自賠責基準なら、実通院日数が少ないと、その2倍の数字が基準になってしまいますし、弁護士基準でも、治療が不定期かつ頻度も少ない場合には、実通院日数の3.5倍程度の数値で計算されてしまうことがあります。
そこで、最低でも月10日程度、1週間に3回程度は通院をするようにしましょう。
8-3.高い後遺障害の等級認定を受ける
交通事故で高額な賠償金を獲得するためには、高い等級の後遺障害等級認定を受けることが重要です。
そのためには、弁護士に手続を依頼して、「被害者請求」の方法で、等級認定の申請をしてもらいましょう。
もし、自分で等級認定申請をして、非該当(後遺障害が認められないこと)や、低い等級になってしまった場合には、「異議申し立て」をして、等級の変更をしてもらう必要があります。

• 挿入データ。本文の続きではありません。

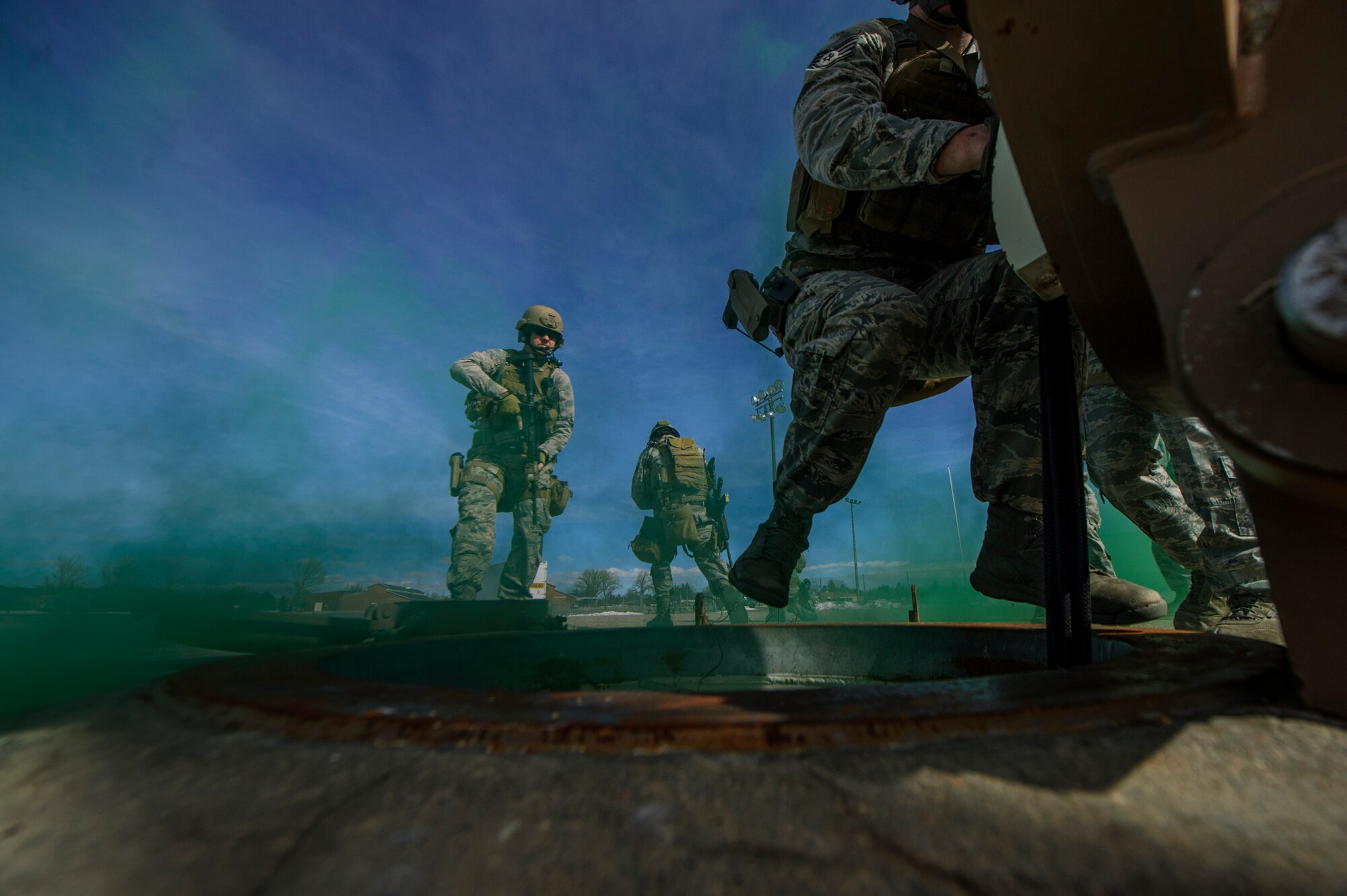 Staff Sgt. Glen Brott, 90th Security Forces Group Tactical Response Force assaulter, rappels down a breached personnel access hatch while Staff Sgt. Scott Shirley, 90th SFG TRF assaulter, provides security during a launch facility re-capture exercise at F.E. Warren Air Force Base, Wyo., Feb. 18, 2014. (U.S. Air Force photo by Staff Sgt. Jonathan Snyder/RELEASED)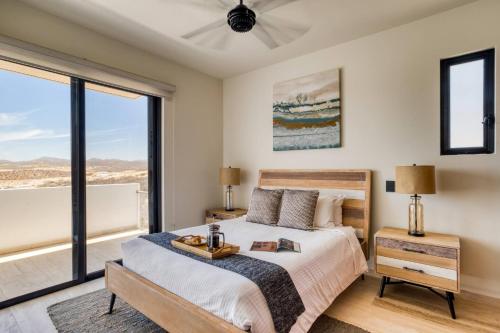 a bedroom with a bed and a large window at Group Apt 13 16, no view, 3BR, 12 pax in Cabo San Lucas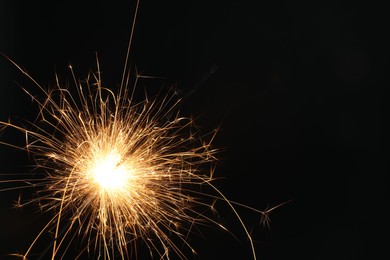 Photo of Bright burning sparkler on black background, closeup. Space for text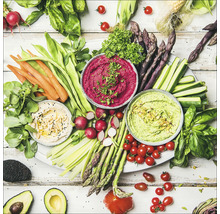 Groenteplateau met dips, wortelen, groene bonen, radijs, asperges, courgette, tomaten en avocado op een tafel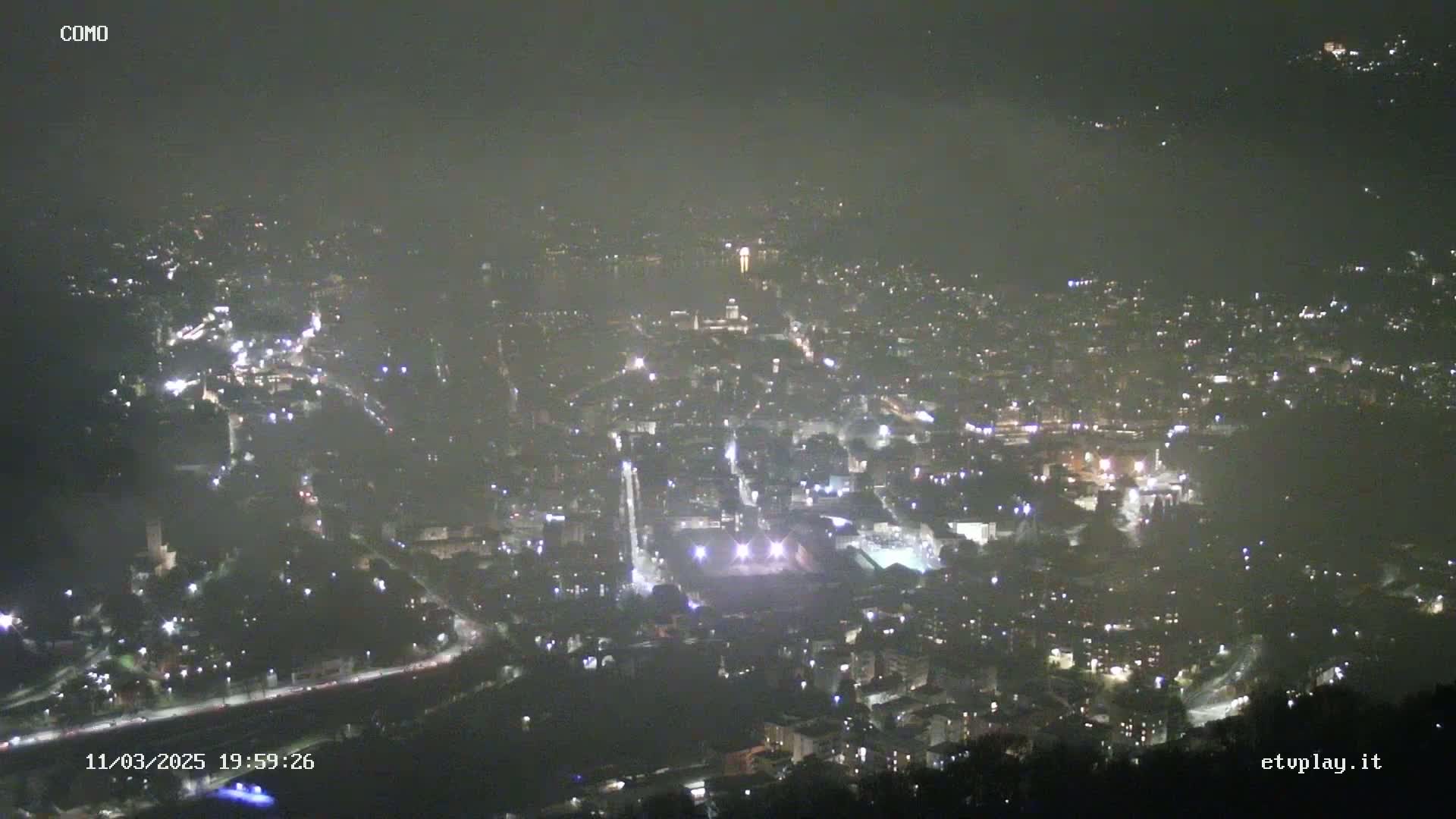 A nighttime, hazy view of a city illuminated by numerous lights, seen from a high vantage point.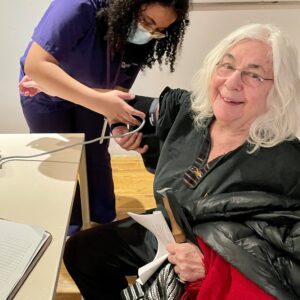 Member and Nurse doing blood pressure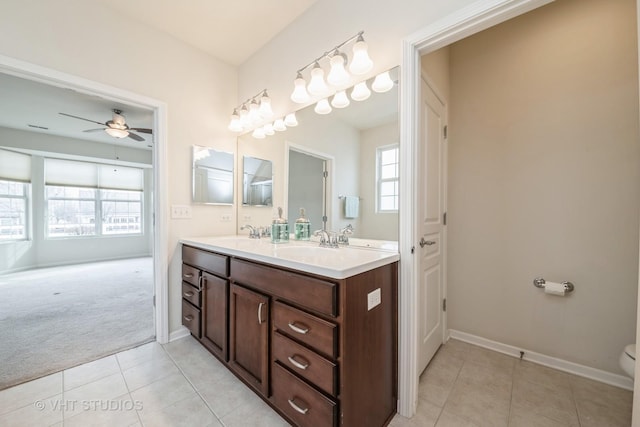 bathroom featuring tile patterned flooring, vanity, plenty of natural light, and ceiling fan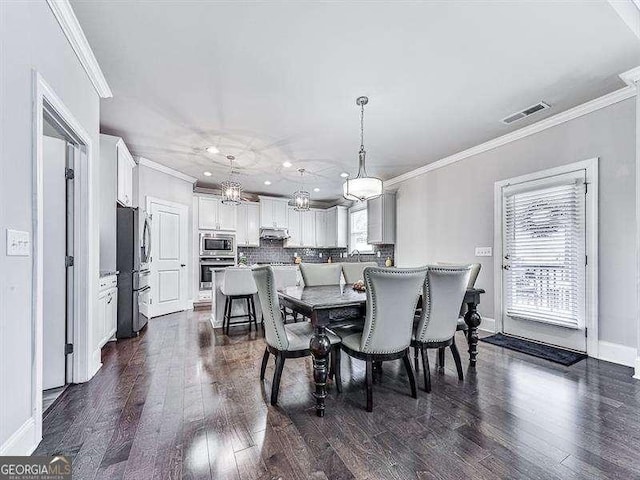 dining room featuring ornamental molding, dark wood-type flooring, and visible vents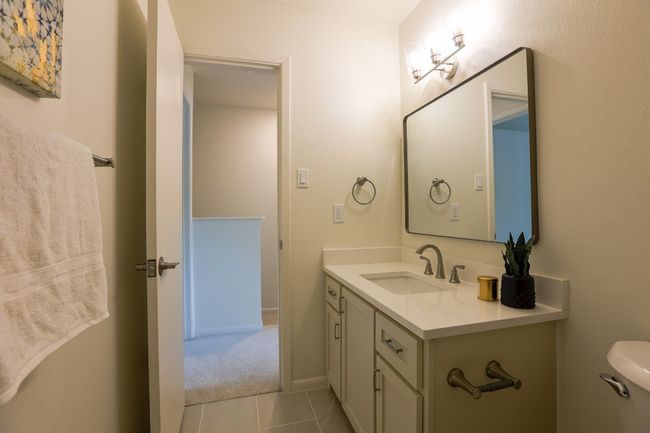 Bathroom with custom vanity and tile patterned flooring. | Image 29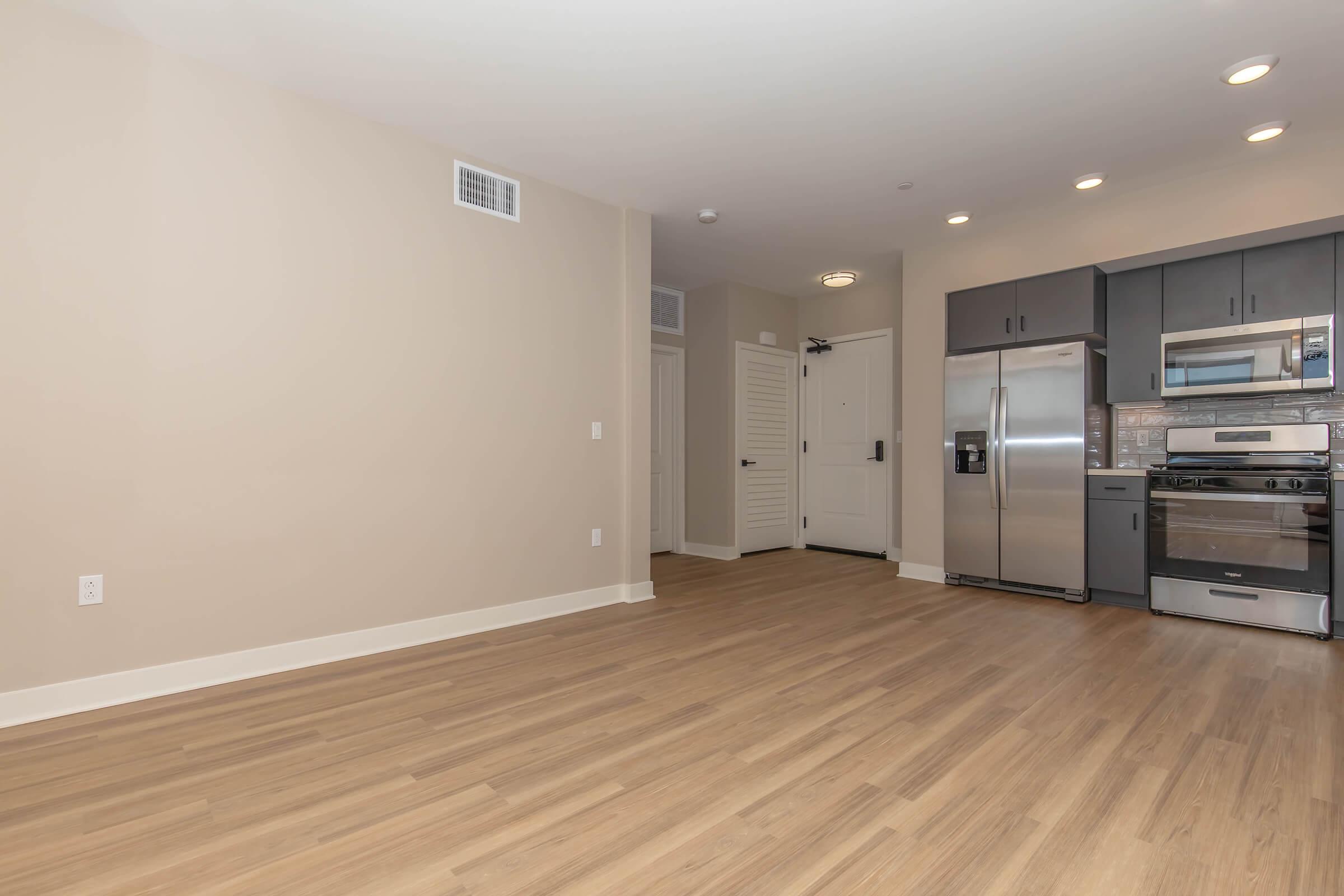 a kitchen with a wood floor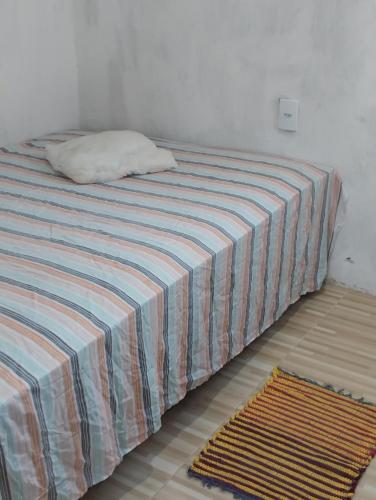 SaubaraCasa laranja cabuçu的一张带条纹毯子的床和枕头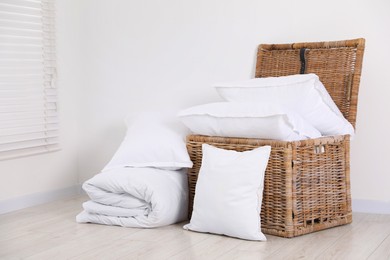 Photo of Clean pillows, duvet and storage basket on floor near white wall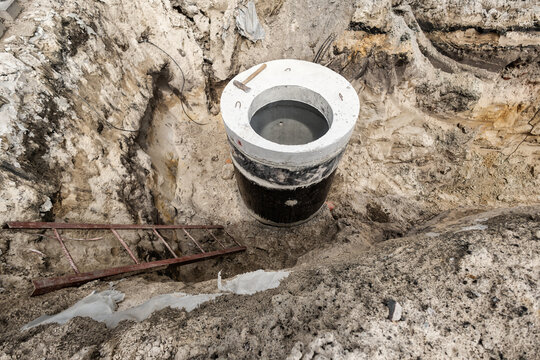 Workers are building a concrete sewer well in a deep pit at a construction site. Tools and a ladder are present near the well during daytime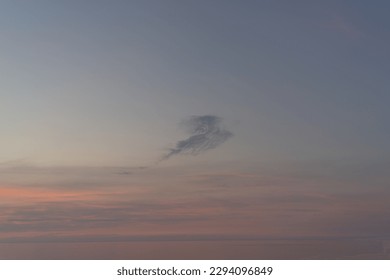 A cloud in the evening sunset sky in the form of a bird, a dragon, an angel, a fantasy animals.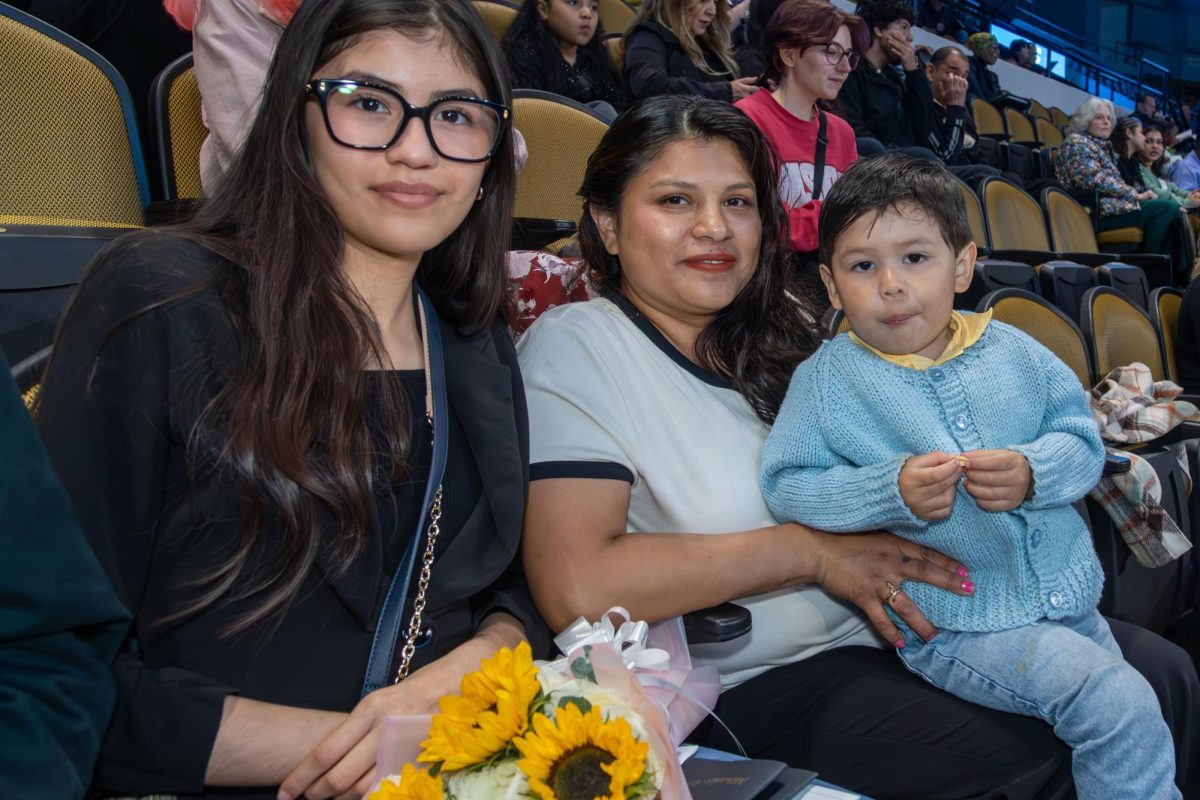 Family members sit in the stands at Panther Arena holding flowers for an MATC graduate.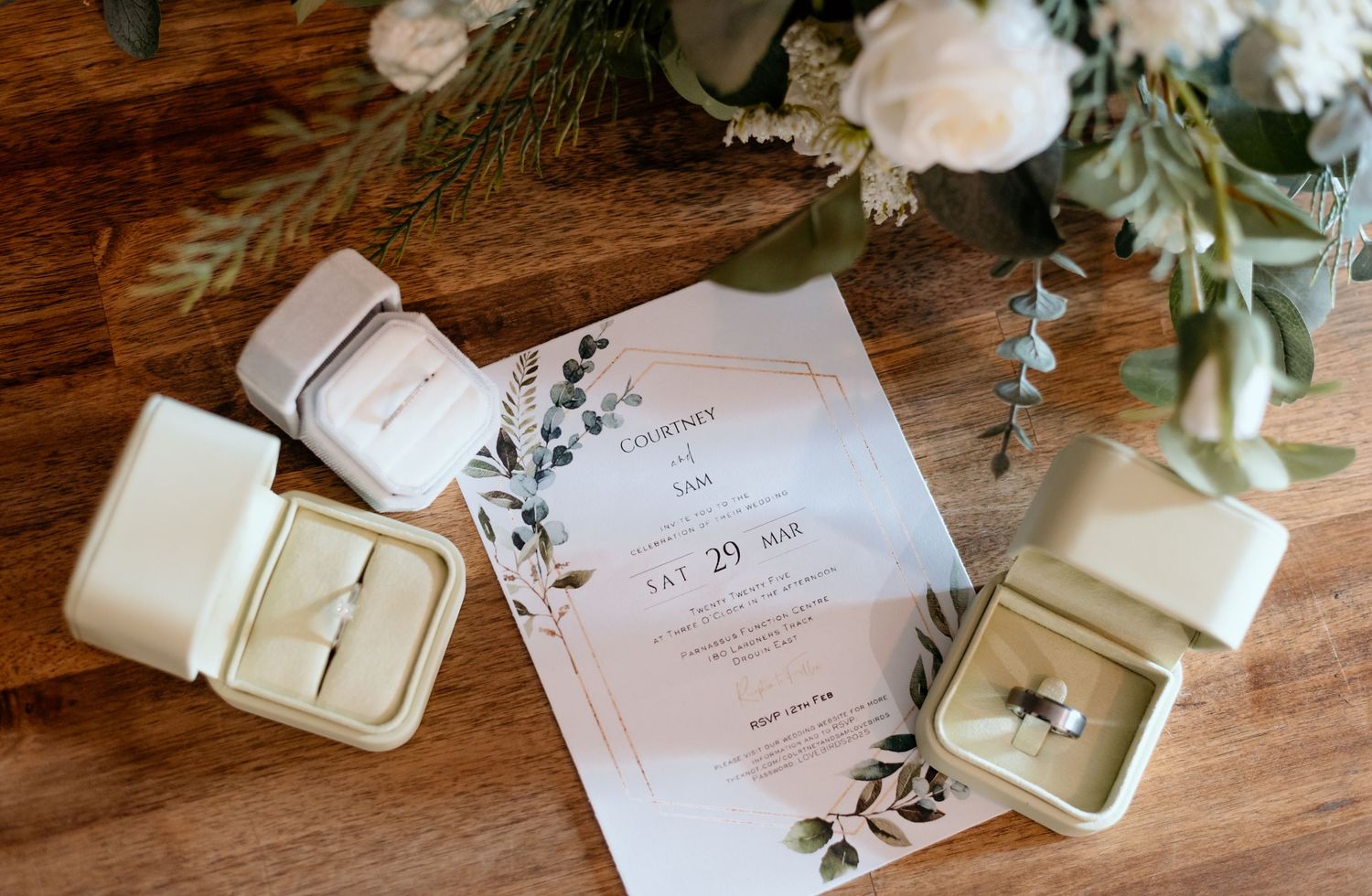 Elegant floral wedding invitations and vintage velvet ring boxes arranged with white roses and greenery on wooden surface.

交通事故問題に強い弁護士の場合、後遺障害の異議申し立てにも力を入れている事務所がたくさんあるので、そういった事務所を探して後遺障害の手続を依頼しましょう。
まとめ
今回は、交通事故の慰謝料の相場と弁護士に依頼すべき理由について、ご説明しました。
交通事故の慰謝料には入通院慰謝料、後遺障害慰謝料、死亡慰謝料の3種類があります。
それぞれについて、3つの計算方法がありますが、弁護士基準で計算すると最も高額になります。
交通事故で、なるべく高額な慰謝料を獲得するには、弁護士に対応を依頼する必要性が高いです。
今回の記事を参考にして、交通事故に強い弁護士を探してなるべく高額な慰謝料の支払いを受けましょう。